# Looking to re-create my first Schwinn



## chbpe (Nov 18, 2012)

It was a Schwinn Hornet Deluxe possibly 1958 or 59 - midweight

It had a two tone electric green paint job with a two tone green / cream seat

Horn in the frame

2 speed Bendix coaster break

2 speed lever on the handle bars

Is there someone I can reach out to here in the Forum in helping me try to recreate or locate a start for this bike?

Thanks - 

chuck


----------



## chbpe (Nov 24, 2012)

Any experts out there with a Hornet Deluxe that will work for me?


----------



## chbpe (Dec 2, 2012)

*Looking still*

WOW!!

110 to 0.

This must really be a rare bird.


----------



## Boris (Dec 2, 2012)

I would start looking at ebay to see what's out there and give you some idea of what these are selling for.
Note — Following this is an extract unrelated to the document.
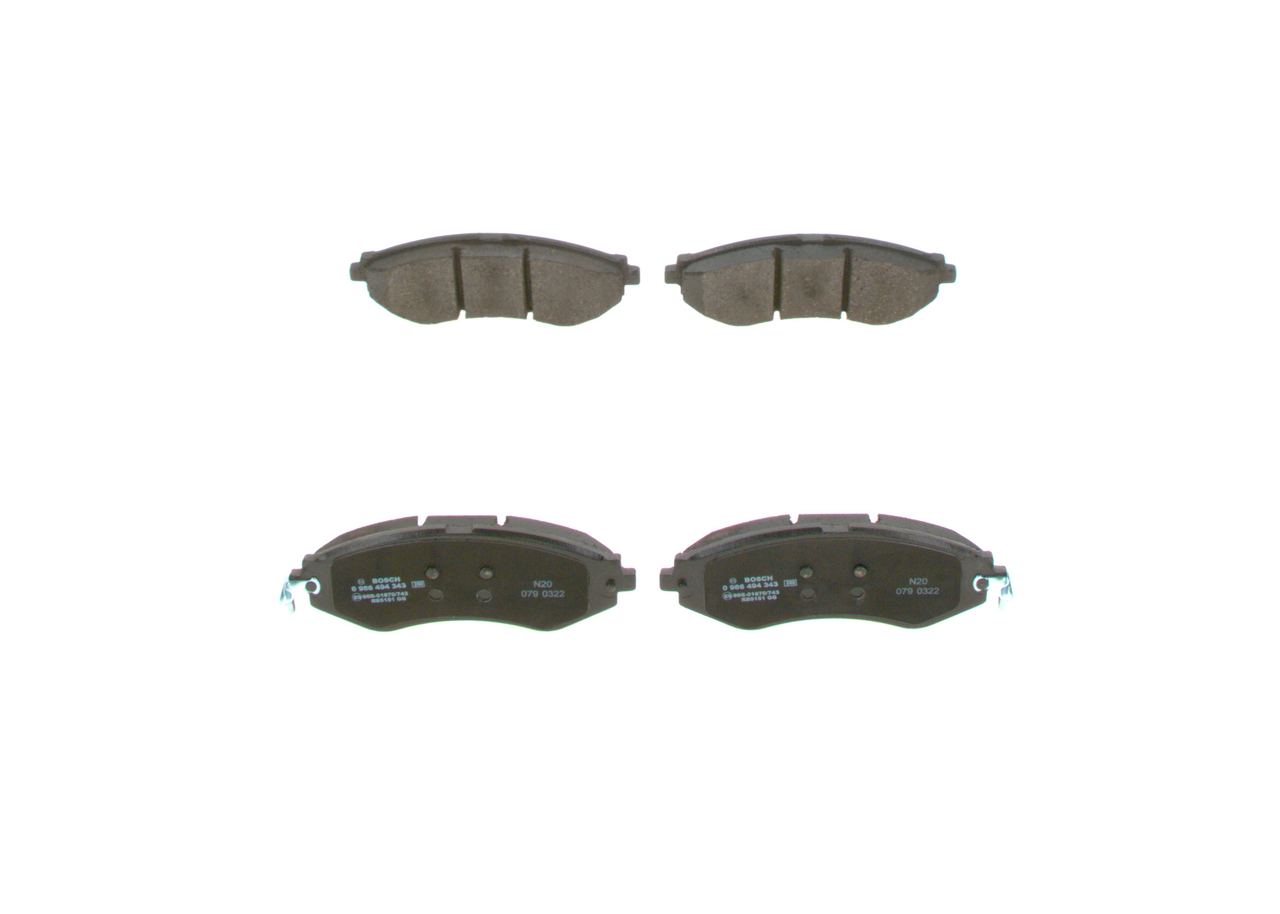 BOSCH Bremseklodser 0986494343 for HOLDEN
This is not going to even approach being a cheap undertaking. You might at least try putting a WTB ad on Craigslist. I'd for sure put a WTB on the CABE. And I highly suggest buying as complete of a bike as possible. Piecing this bike together would end up costing you much more.


----------



## SJ_BIKER (Dec 2, 2012)

*I got your sprocket*

If you decide to piece one together i have the sprocket.... 15 bucks shipped... Decent chrome


----------



## skydog (Dec 3, 2012)

here's a nice '52: http://www.schwinnbikeforum.com/index.php?topic=20537.0


----------



## mruiz (Dec 3, 2012)

*this one*




This is a december 2 1958, for 1959 moder year Corvette. Chrome is nice, small ding rear fender. Front wheel was stamp 3 times
at the Chicago factory. Never seen one like it. 200 and it's yours.


----------



## chbpe (Dec 7, 2012)

*My old Schwin recreation*

Thanks to all who responded. 

Dave Marko - going tonight to WTB on the CABE.

SJ_BIKER - please send me more detail! The hub seems to be one of the hardest!


----------



## chbpe (Dec 28, 2012)

*My old Schwinn recreation*

Still want the hub.

Email here?


----------



## chbpe (Jan 9, 2013)

*My old Schwinn recreation - still looking for advice .... 1959 Hornet Deluxe 2 spd*

Still nothing firm on advice or offers for parts.

Anyone?


----------



## chbpe (Jan 18, 2013)

one more try


----------



## chbpe (Jan 27, 2013)

Thanks to all who helped! 450x!


----------